Mr. Wagner denied he supports public financing of the Laurel stadium. Nor, he said, does he favor building a jail in Glen Burnie, though he voted for state financing of the $27 million jail planned by County Executive Robert R. Neall.

"I didn't vote for putting a jail any place," Mr. Wagner said. "I voted for the financing of it. The council decided where to put it.

"I clearly favor a jail," said Mr. Wagner. "Meanwhile, he's running around telling people he wants to get criminals off the street but he doesn't want a jail."

Mrs. Rose said she will compare her record as the clerk of the court during the past four years with Mr. Astle's legislative career. She boasted that she reduced backlogs in processing of civil and criminal files and land records, saved the state $1.3 million over four years, and computerized file-tracking systems.

"My track record is clear," Mrs.
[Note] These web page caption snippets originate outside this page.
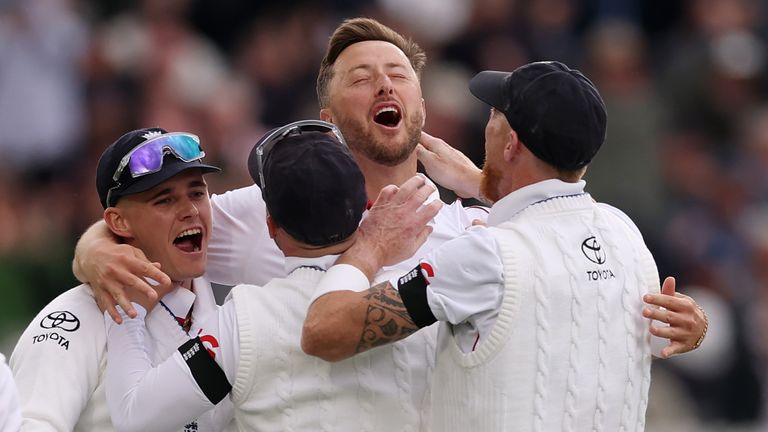 Harry Brook batting for England against New Zealand at Lord's Cricket Ground in the first Test, June 2026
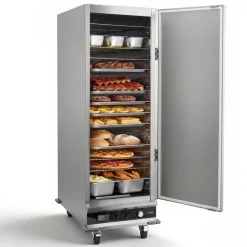 VEVOR Electric Hot Box Food Warmer, 16-Tier Commercial Warming Cabinet with Water Tray, Single-Door and Adjustable Shelves, Stainless Steel Food Warmer Cabinet, for Restaurant, Kitchen, Pizza, Chicken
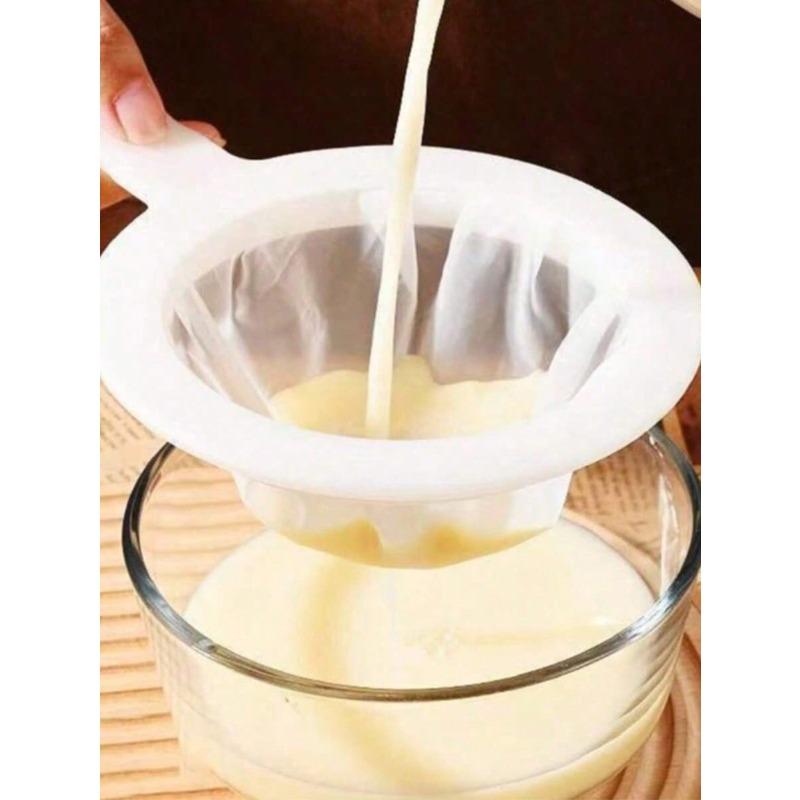 1pc Coffee/Soy Milk Residue Filter Screen, Home Juicer Mesh Strainer, Separation Filter Residue Net School Supplies,Kitchen Accessories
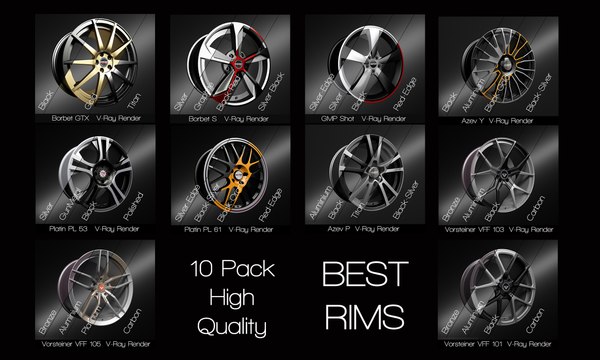 3D rim pack - TurboSquid 1382899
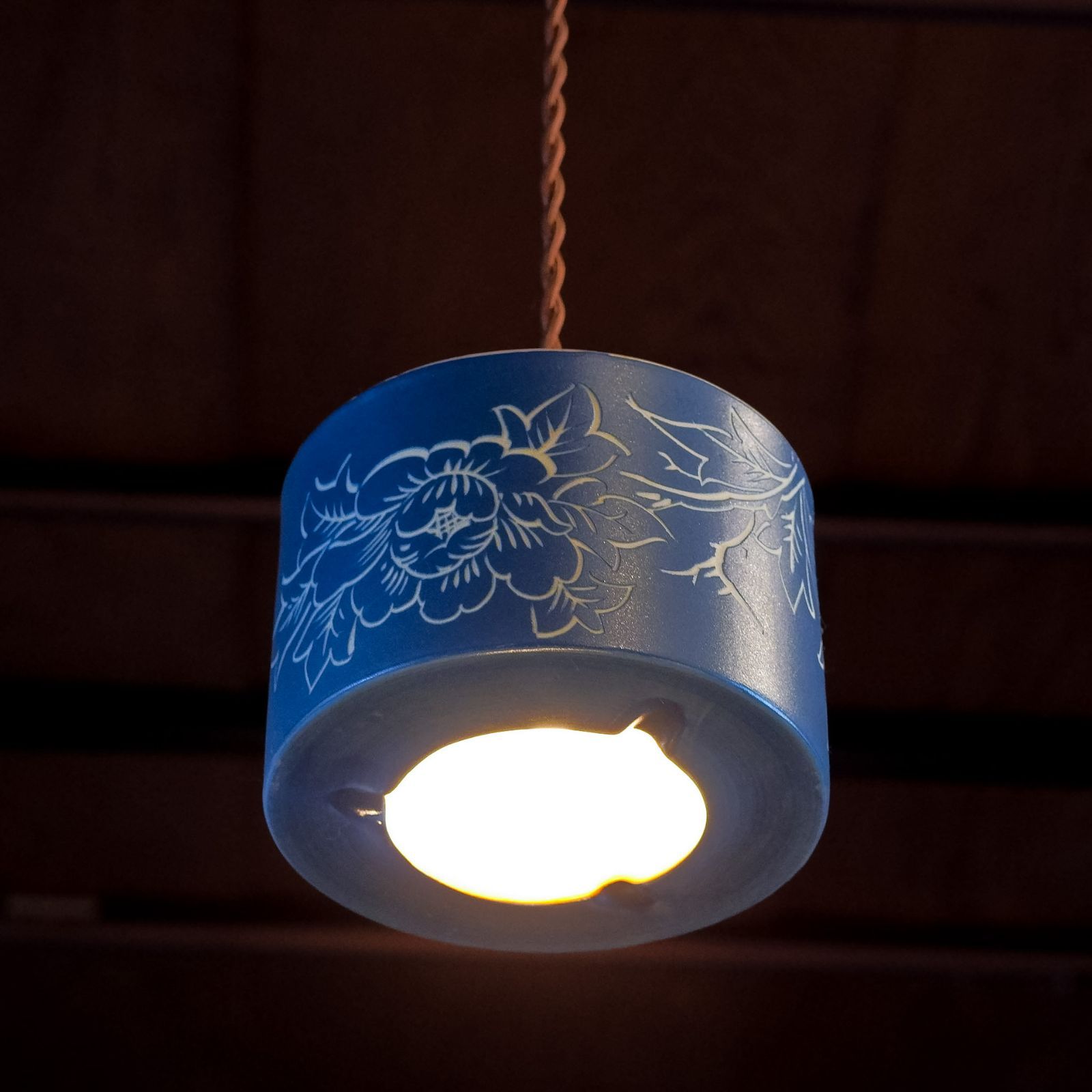瀬戸焼｜赤津焼｜マット青色｜ペンダントライト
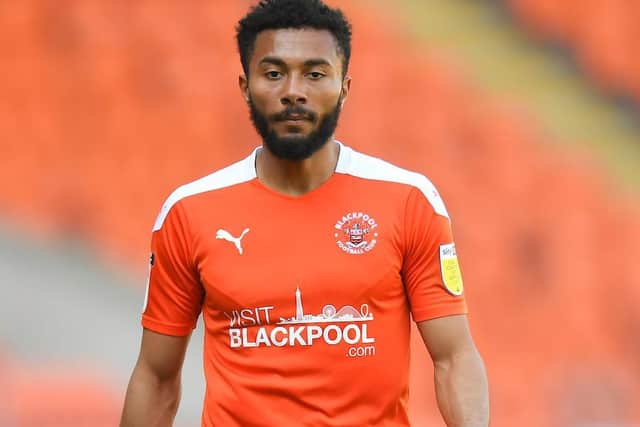 Grant Ward was racially abused on social media following Blackpool's game against Sunderland last night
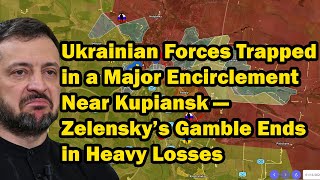 Massive Cauldron Near Kupiansk: Ukrainian Army Suffers Crushing Losses After Zelensky’s Risky Move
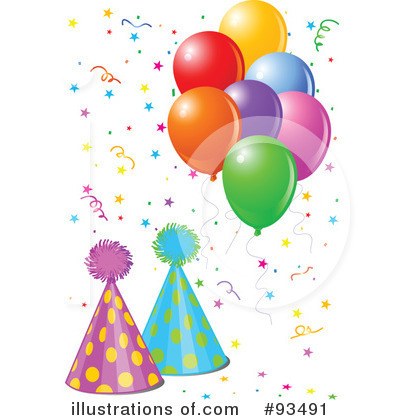 Royalty-Free (RF) Birthday Party Clipart Illustration by Pushkin - Stock Sample #93491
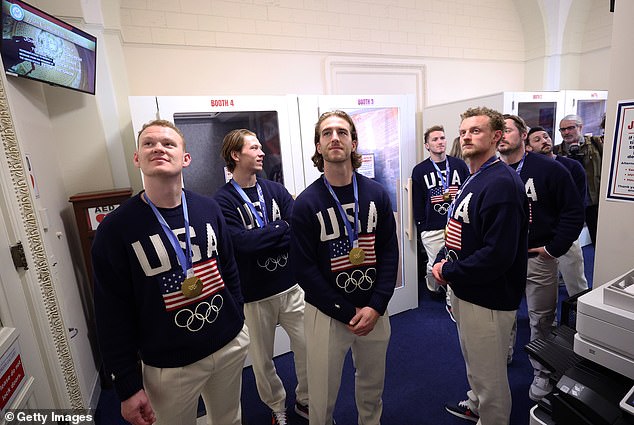 Team USA hockey stars arrive for divisive appearance at Trump’s State of the Union after celebrating gold medal with president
Rose said. "He has nothing to go back on except his war record. That was two decades ago. I'm here, now, ready to serve."

Mr. Astle countered that he has proved his leadership, serving as chairman of the county's 13-member House delegation and vice chairman of a House Appropriations subcommittee on law enforcement and transportation.

Mr. Astle, noting that Mrs. Rose had once questioned his political courage, said he lost the vice chairmanship when he voted against a 1992 tax increase and gave up the delegation chairmanship when, as a colonel in the Marine Reserves, he volunteered to participate in Operation Desert Storm.

"I think it's interesting that she's playing on leadership as an issue," Mr. Astle said. "She's playing to my strength."

Mr. Astle said he will make an issue of Mrs. Rose's "view of the world." Mrs. Rose personally opposes abortion rights, though she has not raised the issue in this campaign, and was part of a socially conservative wing of the GOP that took control of the state party briefly during the 1980s.

"I tend to be fiscally conservative but a little more progressive on some of the social issues," he said.